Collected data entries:
┌──
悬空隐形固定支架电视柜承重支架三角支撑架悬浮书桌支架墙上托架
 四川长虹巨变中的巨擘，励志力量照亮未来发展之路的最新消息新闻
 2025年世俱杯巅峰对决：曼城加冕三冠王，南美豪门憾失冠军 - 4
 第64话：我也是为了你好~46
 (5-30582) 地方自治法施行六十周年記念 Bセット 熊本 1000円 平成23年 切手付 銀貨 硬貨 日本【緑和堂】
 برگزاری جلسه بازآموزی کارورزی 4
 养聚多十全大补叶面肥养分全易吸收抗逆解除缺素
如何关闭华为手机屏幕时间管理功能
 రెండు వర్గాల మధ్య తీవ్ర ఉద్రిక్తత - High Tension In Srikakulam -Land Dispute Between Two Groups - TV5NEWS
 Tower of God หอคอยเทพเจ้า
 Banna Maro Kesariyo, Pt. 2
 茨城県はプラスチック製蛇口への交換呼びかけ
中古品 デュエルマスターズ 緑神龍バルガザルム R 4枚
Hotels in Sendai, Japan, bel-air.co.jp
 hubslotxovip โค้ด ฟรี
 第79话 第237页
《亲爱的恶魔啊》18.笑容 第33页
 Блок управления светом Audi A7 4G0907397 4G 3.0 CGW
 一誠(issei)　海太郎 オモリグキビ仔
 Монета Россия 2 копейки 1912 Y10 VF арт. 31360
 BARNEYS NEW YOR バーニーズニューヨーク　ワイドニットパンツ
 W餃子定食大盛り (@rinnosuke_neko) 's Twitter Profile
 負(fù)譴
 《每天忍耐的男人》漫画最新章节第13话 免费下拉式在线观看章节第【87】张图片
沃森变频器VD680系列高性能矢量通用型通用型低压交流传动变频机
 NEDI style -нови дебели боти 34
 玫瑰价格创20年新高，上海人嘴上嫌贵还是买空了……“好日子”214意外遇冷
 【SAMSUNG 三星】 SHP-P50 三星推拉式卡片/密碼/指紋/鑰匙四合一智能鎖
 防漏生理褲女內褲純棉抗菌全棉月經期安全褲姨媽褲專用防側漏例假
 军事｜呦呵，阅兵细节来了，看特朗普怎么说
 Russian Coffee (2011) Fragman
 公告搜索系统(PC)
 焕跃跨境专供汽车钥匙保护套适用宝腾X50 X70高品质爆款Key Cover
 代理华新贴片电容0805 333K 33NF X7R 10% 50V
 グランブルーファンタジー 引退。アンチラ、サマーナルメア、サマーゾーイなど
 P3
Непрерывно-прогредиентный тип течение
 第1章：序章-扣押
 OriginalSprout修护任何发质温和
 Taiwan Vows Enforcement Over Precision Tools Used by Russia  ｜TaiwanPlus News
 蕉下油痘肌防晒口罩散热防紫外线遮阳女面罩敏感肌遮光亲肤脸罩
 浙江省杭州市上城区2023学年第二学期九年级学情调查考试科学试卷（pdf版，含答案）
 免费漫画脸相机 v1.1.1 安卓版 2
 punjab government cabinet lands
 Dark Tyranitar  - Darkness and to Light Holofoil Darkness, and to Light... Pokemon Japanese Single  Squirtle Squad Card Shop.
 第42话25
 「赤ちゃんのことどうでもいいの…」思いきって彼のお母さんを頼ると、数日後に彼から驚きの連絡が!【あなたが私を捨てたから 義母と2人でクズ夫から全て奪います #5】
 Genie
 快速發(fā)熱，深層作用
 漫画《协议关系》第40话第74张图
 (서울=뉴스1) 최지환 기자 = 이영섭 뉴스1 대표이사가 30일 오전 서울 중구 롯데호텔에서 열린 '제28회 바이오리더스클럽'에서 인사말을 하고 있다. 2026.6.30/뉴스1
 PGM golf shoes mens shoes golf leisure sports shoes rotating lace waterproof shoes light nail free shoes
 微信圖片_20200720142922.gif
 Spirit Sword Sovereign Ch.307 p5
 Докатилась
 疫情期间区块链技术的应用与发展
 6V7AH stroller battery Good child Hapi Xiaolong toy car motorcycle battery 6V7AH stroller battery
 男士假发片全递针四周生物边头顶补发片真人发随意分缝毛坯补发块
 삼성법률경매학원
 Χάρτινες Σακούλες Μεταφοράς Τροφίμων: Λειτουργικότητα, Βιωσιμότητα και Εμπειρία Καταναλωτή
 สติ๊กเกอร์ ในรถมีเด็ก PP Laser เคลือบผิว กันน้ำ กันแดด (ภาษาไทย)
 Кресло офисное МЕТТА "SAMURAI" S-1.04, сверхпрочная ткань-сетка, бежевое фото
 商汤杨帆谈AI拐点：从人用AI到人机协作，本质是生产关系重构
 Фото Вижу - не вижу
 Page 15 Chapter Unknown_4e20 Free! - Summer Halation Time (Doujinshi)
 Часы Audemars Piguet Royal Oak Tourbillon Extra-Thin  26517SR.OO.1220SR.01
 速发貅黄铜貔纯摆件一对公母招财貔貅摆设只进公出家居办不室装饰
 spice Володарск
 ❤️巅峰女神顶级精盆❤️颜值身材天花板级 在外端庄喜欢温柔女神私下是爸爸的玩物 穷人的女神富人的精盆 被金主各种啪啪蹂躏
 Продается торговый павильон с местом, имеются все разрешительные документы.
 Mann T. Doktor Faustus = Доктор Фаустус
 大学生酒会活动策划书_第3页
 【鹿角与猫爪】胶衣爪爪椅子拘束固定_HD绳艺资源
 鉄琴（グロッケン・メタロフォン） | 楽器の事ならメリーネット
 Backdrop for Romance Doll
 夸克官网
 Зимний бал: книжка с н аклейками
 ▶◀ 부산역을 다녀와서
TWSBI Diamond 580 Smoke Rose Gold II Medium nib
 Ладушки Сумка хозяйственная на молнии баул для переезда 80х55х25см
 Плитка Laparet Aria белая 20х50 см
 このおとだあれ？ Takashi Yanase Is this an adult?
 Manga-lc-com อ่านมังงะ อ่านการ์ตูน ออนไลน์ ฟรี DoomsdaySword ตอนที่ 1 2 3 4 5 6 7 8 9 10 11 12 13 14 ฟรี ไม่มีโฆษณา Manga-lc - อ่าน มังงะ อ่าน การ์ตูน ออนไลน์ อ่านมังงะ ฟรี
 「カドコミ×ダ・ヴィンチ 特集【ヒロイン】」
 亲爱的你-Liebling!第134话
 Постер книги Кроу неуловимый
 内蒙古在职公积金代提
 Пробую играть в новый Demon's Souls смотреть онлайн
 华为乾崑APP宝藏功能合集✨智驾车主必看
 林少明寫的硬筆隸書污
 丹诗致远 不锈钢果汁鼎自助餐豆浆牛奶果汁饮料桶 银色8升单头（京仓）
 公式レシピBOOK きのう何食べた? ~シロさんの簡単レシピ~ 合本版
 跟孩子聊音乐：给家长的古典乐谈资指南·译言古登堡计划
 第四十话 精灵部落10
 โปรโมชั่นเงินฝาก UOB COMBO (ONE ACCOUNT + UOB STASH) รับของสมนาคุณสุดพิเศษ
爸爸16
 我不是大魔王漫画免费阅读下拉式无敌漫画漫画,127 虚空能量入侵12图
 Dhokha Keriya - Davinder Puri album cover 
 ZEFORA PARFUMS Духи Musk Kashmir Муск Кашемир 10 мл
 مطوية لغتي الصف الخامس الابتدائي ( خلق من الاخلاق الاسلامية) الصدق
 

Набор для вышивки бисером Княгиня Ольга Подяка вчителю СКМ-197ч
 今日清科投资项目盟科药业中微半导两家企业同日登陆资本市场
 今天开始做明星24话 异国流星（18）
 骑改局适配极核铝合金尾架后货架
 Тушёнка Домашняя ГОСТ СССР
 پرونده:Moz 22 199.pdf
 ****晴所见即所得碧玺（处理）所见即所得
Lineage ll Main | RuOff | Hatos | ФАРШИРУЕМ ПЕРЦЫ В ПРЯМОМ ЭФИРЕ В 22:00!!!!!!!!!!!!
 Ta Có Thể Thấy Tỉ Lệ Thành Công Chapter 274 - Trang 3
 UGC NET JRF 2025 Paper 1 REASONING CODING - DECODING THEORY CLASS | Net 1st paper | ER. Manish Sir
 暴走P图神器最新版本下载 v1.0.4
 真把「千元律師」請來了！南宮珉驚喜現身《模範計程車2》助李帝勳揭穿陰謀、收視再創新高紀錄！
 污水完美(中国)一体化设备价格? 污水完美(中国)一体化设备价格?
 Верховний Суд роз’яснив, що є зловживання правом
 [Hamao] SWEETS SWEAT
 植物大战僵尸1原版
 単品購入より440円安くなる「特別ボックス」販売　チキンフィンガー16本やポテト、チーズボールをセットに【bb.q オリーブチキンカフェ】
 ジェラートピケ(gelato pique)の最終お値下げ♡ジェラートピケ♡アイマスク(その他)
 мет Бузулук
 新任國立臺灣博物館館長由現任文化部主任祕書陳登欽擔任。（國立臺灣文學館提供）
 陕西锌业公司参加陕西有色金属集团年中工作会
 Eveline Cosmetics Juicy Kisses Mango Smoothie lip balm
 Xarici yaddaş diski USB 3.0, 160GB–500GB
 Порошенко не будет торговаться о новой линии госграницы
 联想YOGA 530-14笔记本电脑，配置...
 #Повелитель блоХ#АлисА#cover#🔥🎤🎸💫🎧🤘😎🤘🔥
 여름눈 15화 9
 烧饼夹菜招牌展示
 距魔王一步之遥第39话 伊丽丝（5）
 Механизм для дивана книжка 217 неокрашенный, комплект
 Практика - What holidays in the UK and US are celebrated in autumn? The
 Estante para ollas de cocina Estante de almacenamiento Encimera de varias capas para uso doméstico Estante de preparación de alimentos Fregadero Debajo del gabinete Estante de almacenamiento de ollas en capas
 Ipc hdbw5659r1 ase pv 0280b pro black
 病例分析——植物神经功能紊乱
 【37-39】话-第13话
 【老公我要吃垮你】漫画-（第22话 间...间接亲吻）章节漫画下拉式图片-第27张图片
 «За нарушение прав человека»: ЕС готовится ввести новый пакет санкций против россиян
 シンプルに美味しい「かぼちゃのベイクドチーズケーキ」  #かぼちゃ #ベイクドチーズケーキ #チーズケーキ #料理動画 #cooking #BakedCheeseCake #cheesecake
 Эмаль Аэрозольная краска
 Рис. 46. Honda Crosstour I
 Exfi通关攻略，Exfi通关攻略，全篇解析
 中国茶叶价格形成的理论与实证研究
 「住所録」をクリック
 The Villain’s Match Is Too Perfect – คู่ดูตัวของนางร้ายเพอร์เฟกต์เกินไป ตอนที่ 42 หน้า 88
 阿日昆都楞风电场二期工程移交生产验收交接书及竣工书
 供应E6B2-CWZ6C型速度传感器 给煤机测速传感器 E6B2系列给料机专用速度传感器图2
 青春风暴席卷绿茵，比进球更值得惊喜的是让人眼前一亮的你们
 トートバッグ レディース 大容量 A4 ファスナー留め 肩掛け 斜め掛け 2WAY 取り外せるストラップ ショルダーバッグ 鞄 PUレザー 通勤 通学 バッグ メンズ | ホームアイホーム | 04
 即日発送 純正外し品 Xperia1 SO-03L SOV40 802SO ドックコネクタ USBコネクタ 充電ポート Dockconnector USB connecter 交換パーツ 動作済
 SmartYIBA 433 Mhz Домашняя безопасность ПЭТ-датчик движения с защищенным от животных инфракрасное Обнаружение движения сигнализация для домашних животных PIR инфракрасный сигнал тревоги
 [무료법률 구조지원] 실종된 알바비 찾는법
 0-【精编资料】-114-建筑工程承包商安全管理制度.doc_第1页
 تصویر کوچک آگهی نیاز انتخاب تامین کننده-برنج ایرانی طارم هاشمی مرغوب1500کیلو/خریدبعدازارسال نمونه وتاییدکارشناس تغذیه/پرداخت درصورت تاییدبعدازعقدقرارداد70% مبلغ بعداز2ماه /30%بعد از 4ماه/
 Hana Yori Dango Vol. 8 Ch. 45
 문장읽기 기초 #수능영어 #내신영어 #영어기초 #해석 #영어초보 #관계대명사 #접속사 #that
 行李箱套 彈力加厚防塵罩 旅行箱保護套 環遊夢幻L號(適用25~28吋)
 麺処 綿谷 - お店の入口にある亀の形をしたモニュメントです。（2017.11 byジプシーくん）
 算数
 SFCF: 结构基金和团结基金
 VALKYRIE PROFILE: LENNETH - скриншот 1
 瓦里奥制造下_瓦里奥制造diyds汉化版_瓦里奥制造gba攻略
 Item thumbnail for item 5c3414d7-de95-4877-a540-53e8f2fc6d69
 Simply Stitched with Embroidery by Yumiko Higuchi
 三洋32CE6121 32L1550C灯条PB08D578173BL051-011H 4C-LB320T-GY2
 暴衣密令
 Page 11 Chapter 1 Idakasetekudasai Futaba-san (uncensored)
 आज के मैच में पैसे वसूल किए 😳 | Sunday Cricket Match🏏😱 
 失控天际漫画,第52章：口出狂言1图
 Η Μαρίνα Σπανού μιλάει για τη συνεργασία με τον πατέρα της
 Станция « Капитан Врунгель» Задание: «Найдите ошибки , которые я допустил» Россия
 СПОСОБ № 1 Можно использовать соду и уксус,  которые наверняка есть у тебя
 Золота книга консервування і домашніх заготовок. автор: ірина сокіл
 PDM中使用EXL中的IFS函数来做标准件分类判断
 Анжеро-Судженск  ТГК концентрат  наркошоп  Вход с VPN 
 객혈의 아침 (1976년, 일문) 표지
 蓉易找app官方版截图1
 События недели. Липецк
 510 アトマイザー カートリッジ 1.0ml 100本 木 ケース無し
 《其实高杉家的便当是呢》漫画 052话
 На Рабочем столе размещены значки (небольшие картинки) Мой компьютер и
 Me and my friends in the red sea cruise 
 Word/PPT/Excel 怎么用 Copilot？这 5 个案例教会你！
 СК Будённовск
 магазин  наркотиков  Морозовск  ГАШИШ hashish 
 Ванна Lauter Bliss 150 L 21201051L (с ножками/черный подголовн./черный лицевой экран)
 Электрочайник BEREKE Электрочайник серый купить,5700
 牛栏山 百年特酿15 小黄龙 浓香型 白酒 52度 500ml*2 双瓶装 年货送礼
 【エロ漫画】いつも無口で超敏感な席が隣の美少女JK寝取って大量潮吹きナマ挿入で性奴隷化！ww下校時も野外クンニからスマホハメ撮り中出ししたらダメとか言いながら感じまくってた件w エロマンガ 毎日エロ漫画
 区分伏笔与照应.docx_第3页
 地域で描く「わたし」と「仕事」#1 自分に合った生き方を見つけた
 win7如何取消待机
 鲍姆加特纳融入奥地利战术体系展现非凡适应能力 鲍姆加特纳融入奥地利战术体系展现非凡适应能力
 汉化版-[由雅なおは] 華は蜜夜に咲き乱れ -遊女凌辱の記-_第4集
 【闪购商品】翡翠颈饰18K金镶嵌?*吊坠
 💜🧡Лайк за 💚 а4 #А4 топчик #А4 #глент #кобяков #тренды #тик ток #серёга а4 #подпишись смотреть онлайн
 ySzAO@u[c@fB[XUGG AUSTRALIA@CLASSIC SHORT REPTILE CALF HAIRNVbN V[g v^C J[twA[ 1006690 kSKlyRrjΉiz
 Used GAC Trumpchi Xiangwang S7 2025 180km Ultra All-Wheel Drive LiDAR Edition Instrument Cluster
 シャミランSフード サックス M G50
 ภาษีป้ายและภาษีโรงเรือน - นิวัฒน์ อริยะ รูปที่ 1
└──
● **Your instructions**
Of all the entries above, repeat only the lines from the line that has "Плитка Laparet Aria белая 20х50 см" to the line that has "亲爱的你-Liebling!第134话", both lines included, exactly.

● **Written reply**
 Плитка Laparet Aria белая 20х50 см
 このおとだあれ？ Takashi Yanase Is this an adult?
 Manga-lc-com อ่านมังงะ อ่านการ์ตูน ออนไลน์ ฟรี DoomsdaySword ตอนที่ 1 2 3 4 5 6 7 8 9 10 11 12 13 14 ฟรี ไม่มีโฆษณา Manga-lc - อ่าน มังงะ อ่าน การ์ตูน ออนไลน์ อ่านมังงะ ฟรี
 「カドコミ×ダ・ヴィンチ 特集【ヒロイン】」
 亲爱的你-Liebling!第134话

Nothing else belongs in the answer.